## Material provided
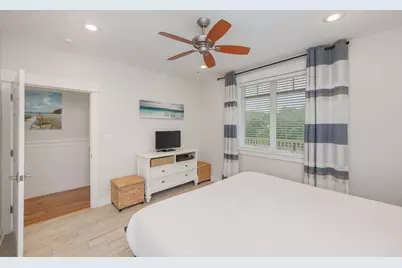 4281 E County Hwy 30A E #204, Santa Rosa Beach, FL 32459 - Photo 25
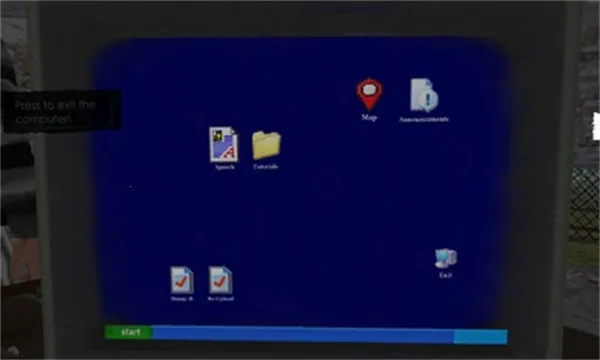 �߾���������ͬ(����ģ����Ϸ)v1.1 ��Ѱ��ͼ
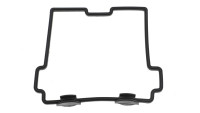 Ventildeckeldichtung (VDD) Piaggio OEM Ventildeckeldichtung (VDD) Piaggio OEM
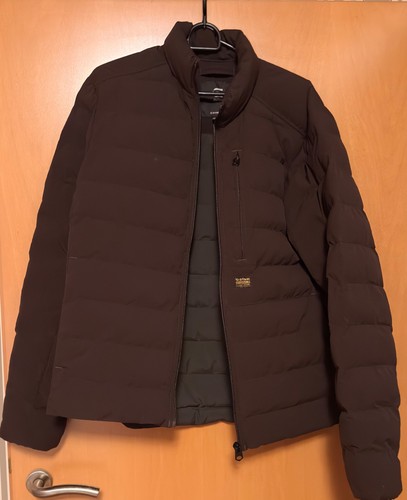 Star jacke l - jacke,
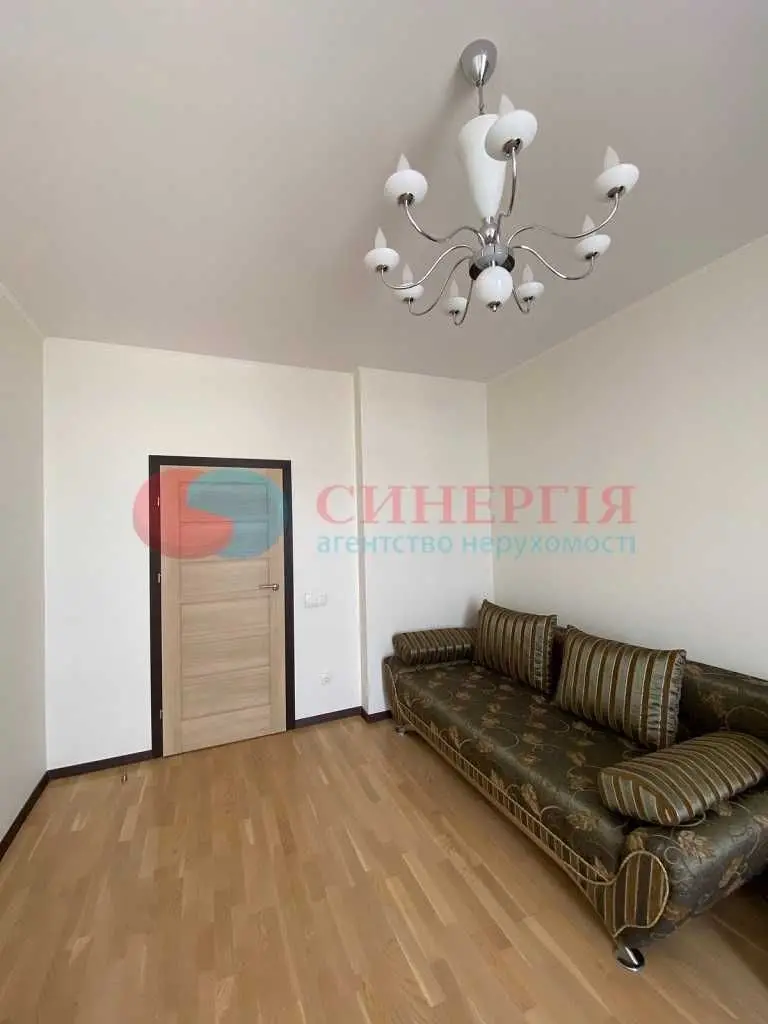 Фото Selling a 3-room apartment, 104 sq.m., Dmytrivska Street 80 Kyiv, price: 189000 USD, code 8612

## Problem statement
The preceding listing is to be restated word for word, with every picture omitted.

## Expected answer
 4281 E County Hwy 30A E #204, Santa Rosa Beach, FL 32459 - Photo 25
 �߾���������ͬ(����ģ����Ϸ)v1.1 ��Ѱ��ͼ
 Ventildeckeldichtung (VDD) Piaggio OEM Ventildeckeldichtung (VDD) Piaggio OEM
 Star jacke l - jacke,
 Фото Selling a 3-room apartment, 104 sq.m., Dmytrivska Street 80 Kyiv, price: 189000 USD, code 8612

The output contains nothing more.